● **PROBLEM TO SOLVE**
What you should give back is a precise copy of the lines below from the one containing "Stół krzesła Ikea Industriell stan Super" through the one containing "Вишнёвый торт с заварным кремом", with no pictures.

DATA TO EXAMINE Block Start

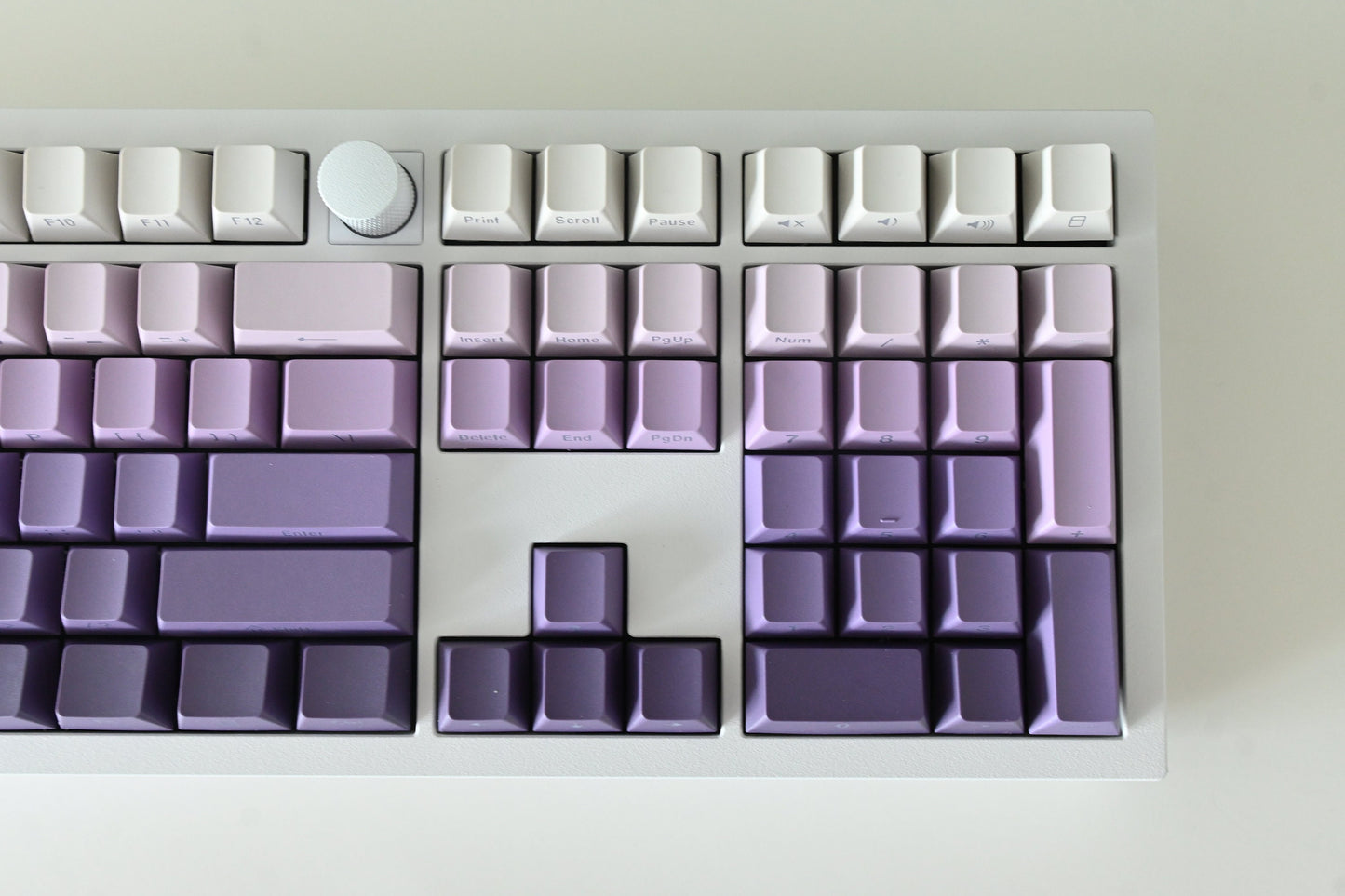 Backlit Dark Purple Gradient Keycap Set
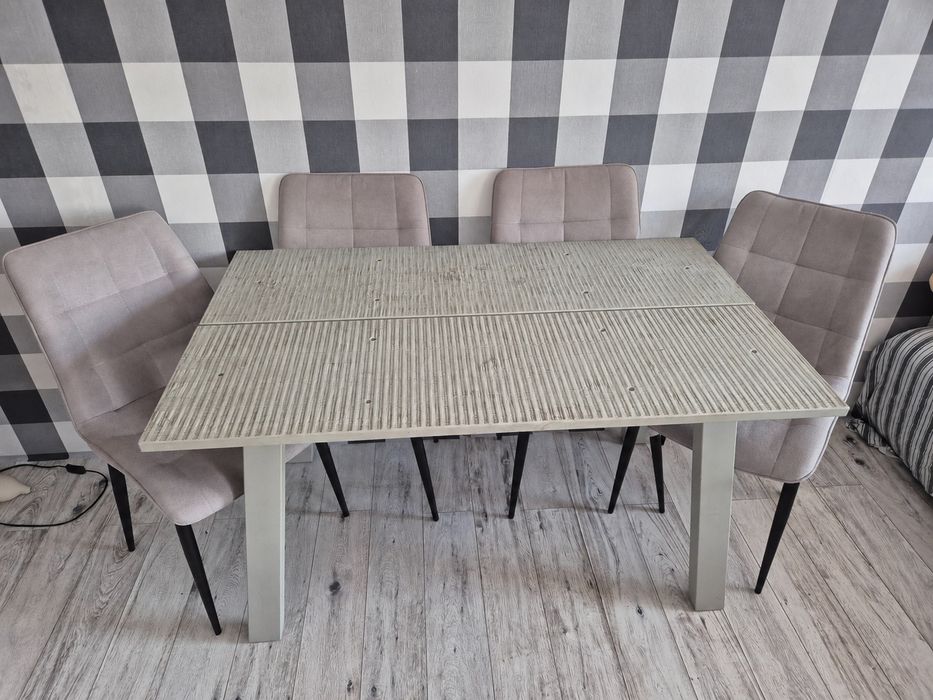 Stół krzesła Ikea Industriell stan Super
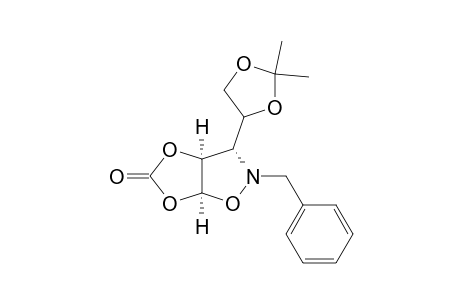[1,3]Dioxolo[4,5-d]isoxazol-5-one, 3-(2,2-dimethyl-1,3-dioxolan-4-yl)tetrahydro-2-(phenylmethyl)-, [3S-[3.alpha.(R*),3a.alpha.,6a.alpha.]]-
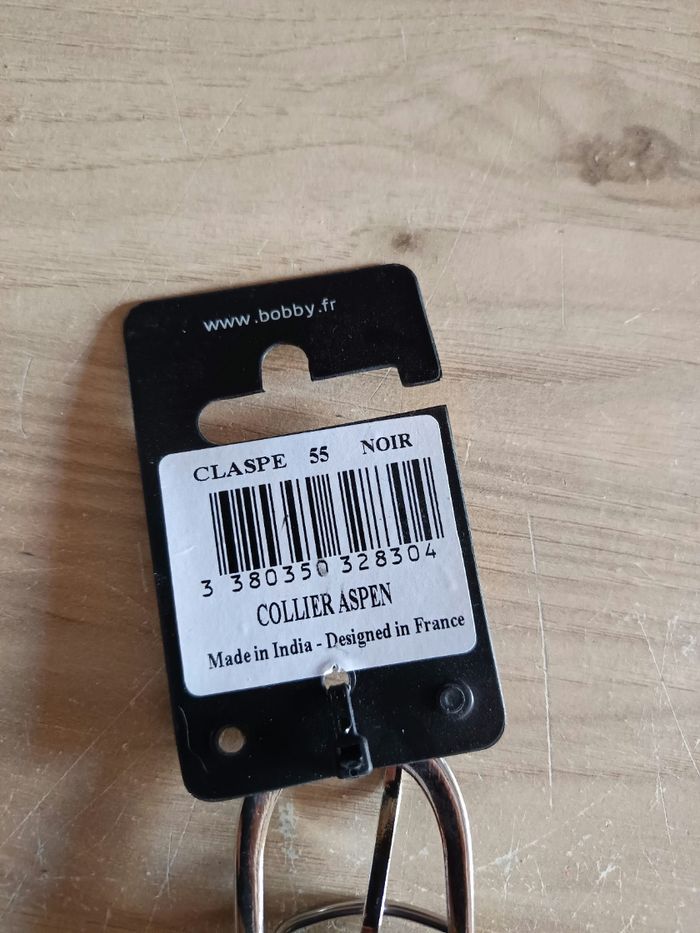 Collier Bobby aspen noir 55cm - photo numéro 2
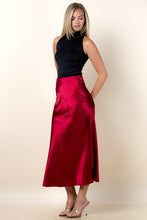 Load image into Gallery viewer, Ruby Satin Skirt
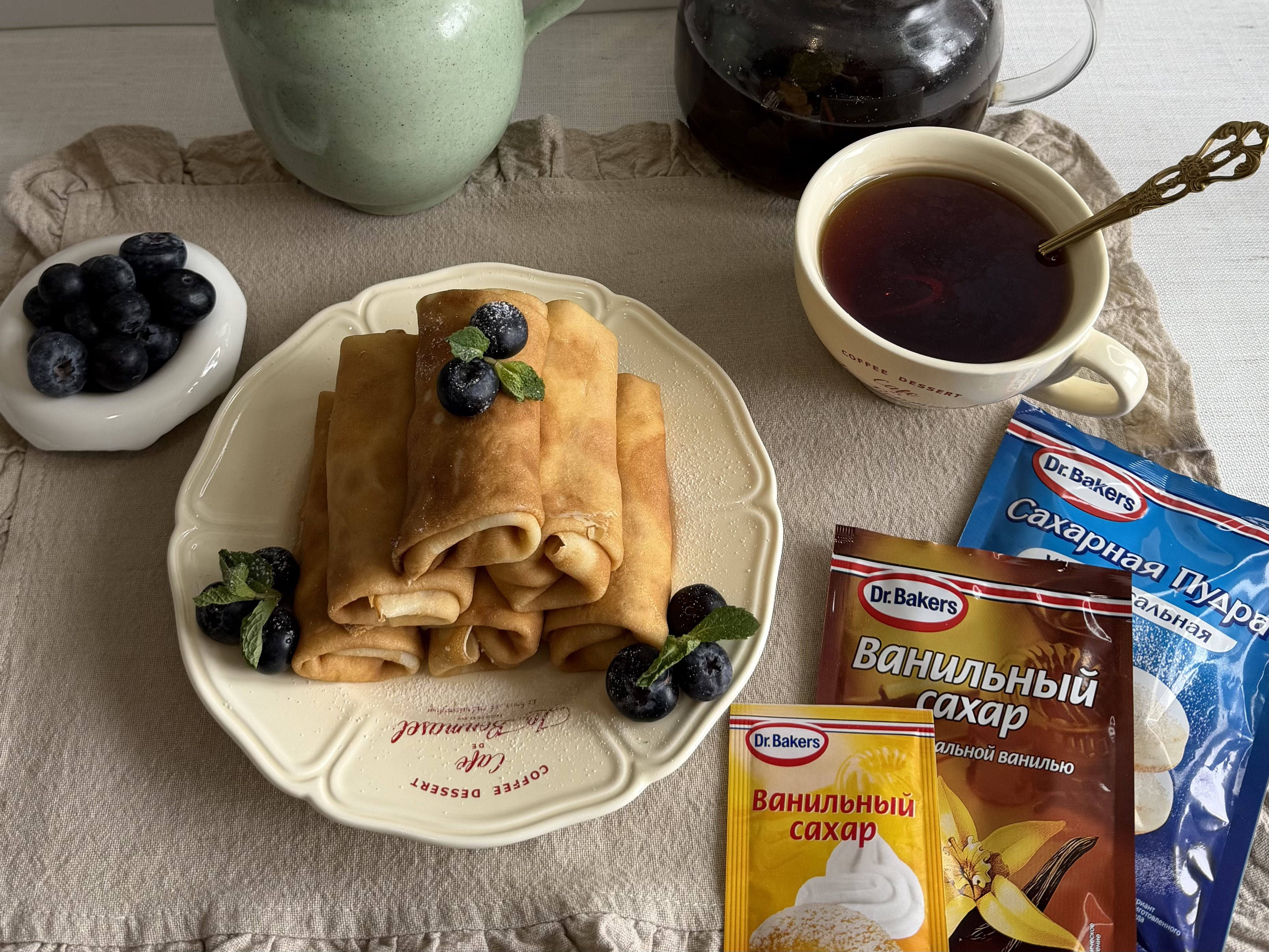 Вишнёвый торт с заварным кремом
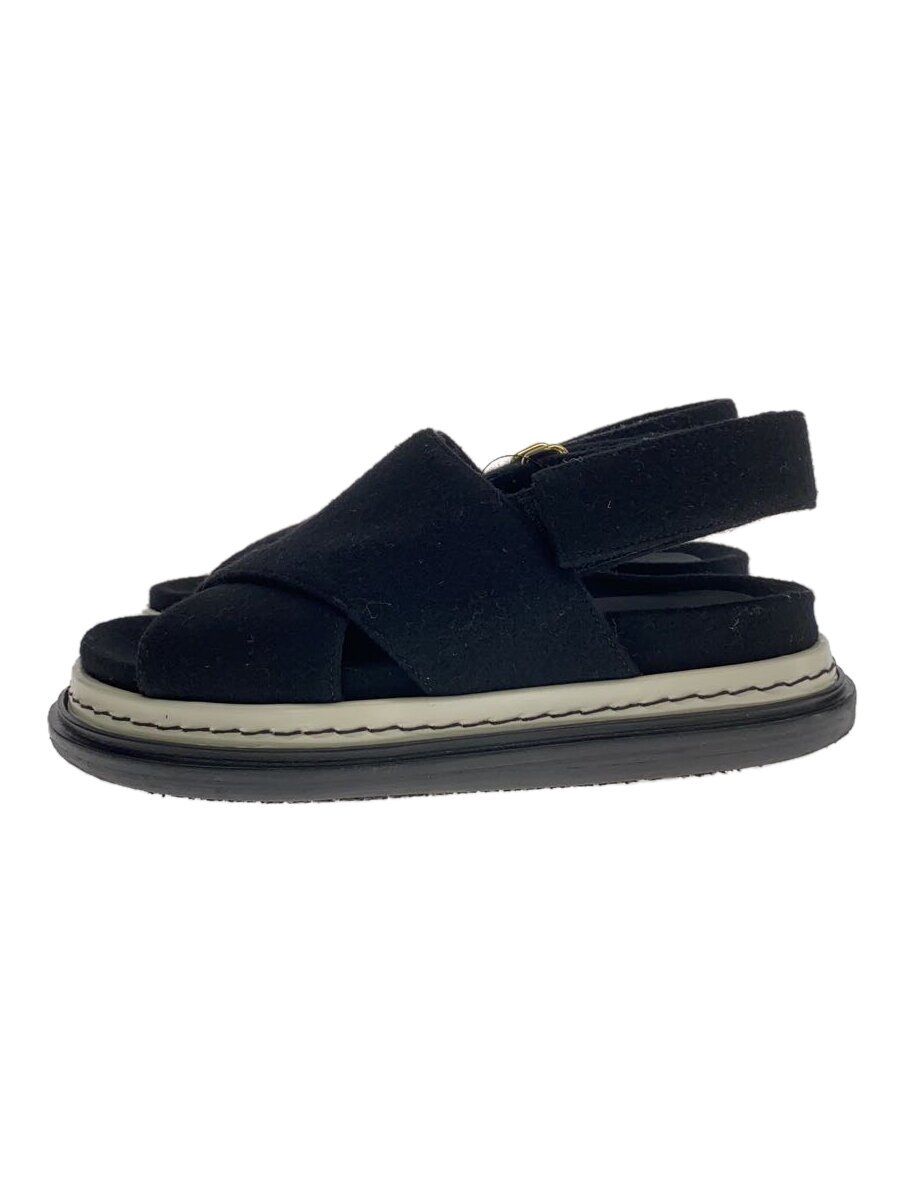 【中古】MARNI◆サンダル/37/ブラック【シューズ】｜2ｎｄ STREET 店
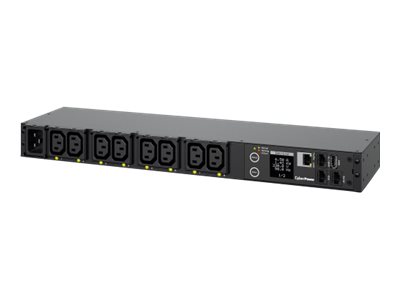 Cyberpower Pdu81005, Überwacht, Geändert, 1U, Horizontal/Vertical, Schwarz, Lcd, 8 Ac-Ausgänge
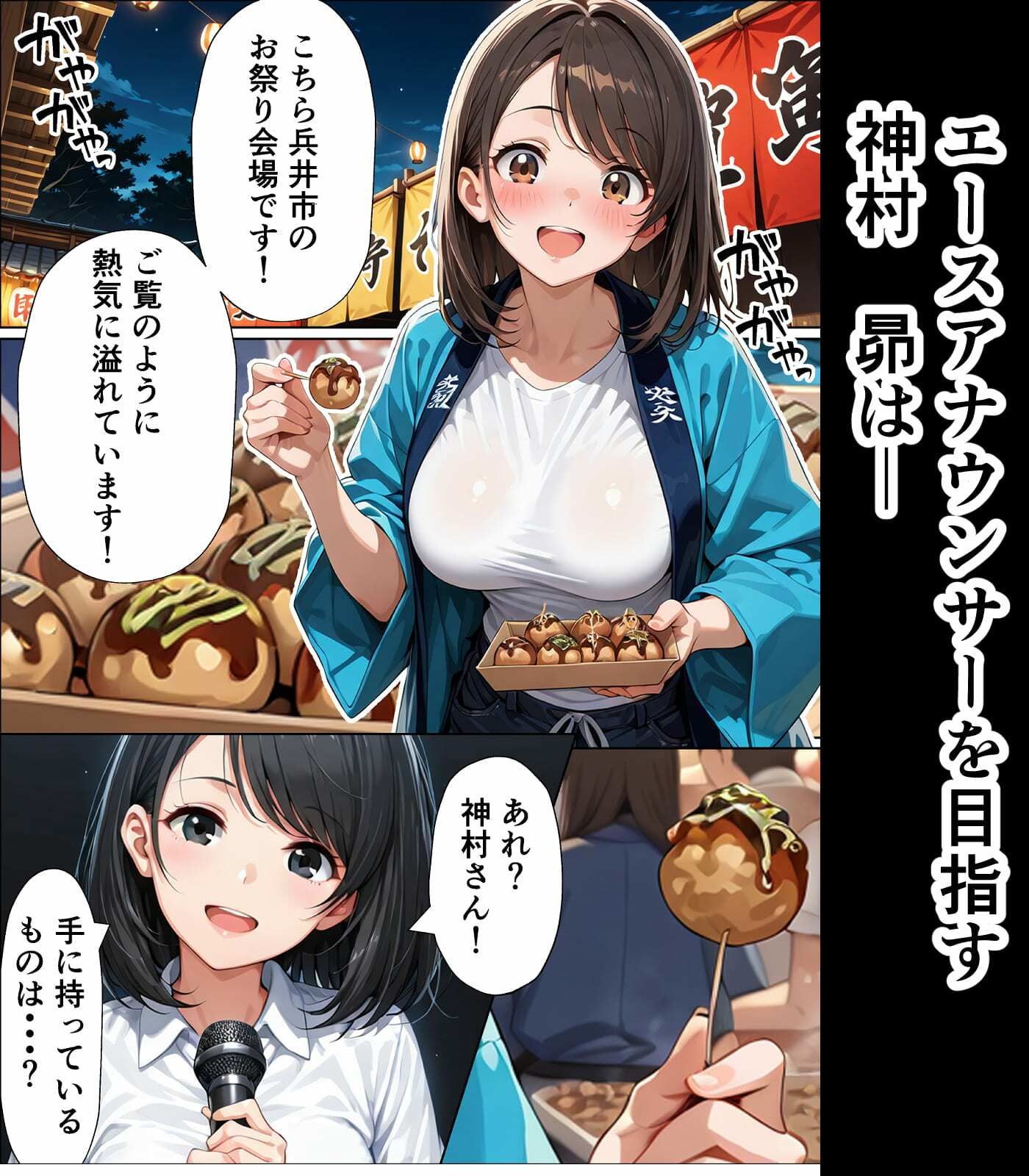 人生逆転憑依 ADの俺が女子アナに憑依してエースアナになった話 サンプル1ページ目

DATA TO EXAMINE Block End

● **OUTPUT FOR THIS EXERCISE**
 Stół krzesła Ikea Industriell stan Super
[1,3]Dioxolo[4,5-d]isoxazol-5-one, 3-(2,2-dimethyl-1,3-dioxolan-4-yl)tetrahydro-2-(phenylmethyl)-, [3S-[3.alpha.(R*),3a.alpha.,6a.alpha.]]-
 Collier Bobby aspen noir 55cm - photo numéro 2
 Load image into Gallery viewer, Ruby Satin Skirt
 Вишнёвый торт с заварным кремом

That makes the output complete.